• **Exercise brief**
Range to copy from the entries below: the line containing "Фотограф из оккупированного" through the line containing "CHALET IZIA - VILLAGE MONTANA 5*", inclusive. Retype only those lines, exactly, without any images.

• **Data shown**
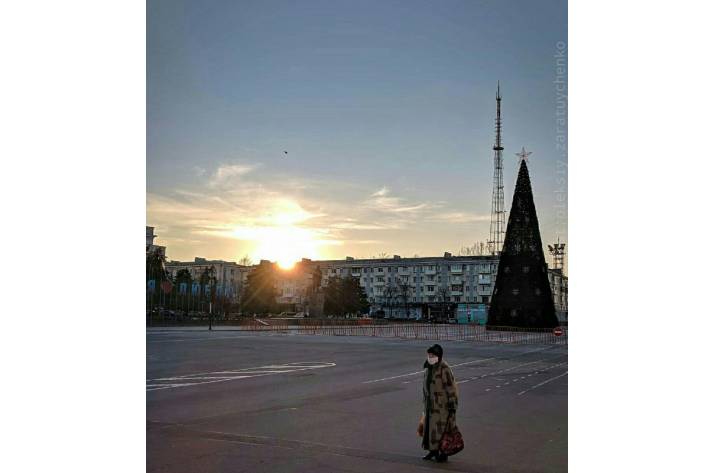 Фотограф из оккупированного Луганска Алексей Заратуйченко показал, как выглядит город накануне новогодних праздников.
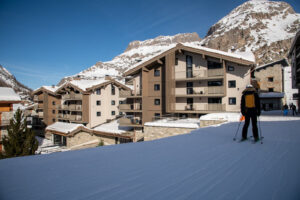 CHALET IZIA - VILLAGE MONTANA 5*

==

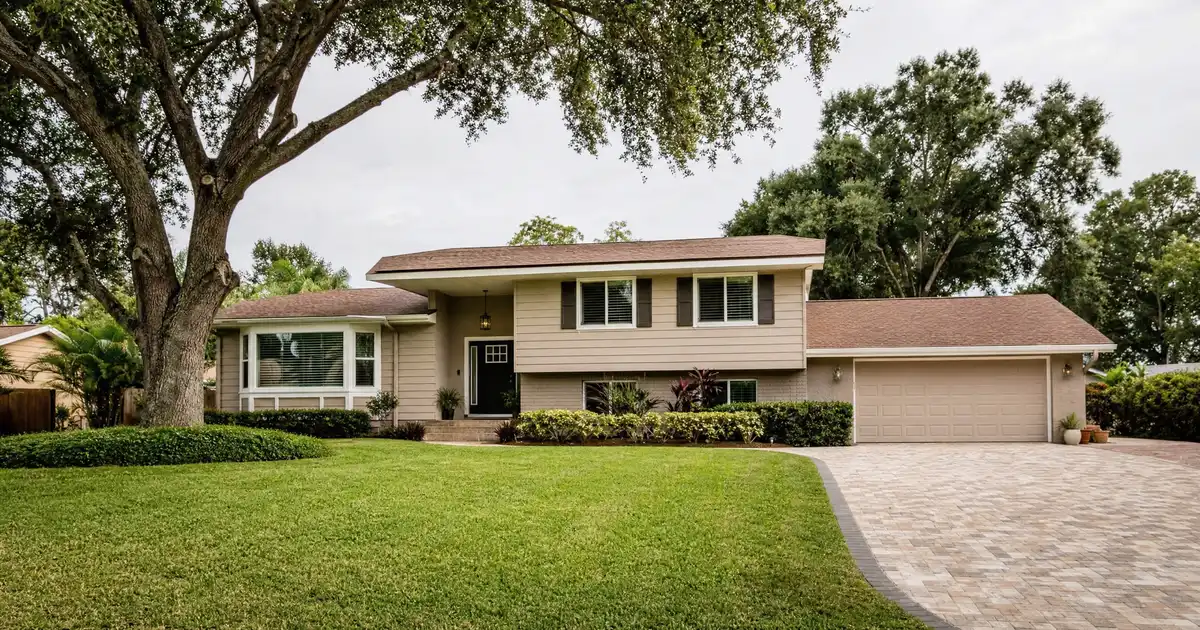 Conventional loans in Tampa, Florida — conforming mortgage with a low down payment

• **Solution to the problem**
 Фотограф из оккупированного Луганска Алексей Заратуйченко показал, как выглядит город накануне новогодних праздников.
 CHALET IZIA - VILLAGE MONTANA 5*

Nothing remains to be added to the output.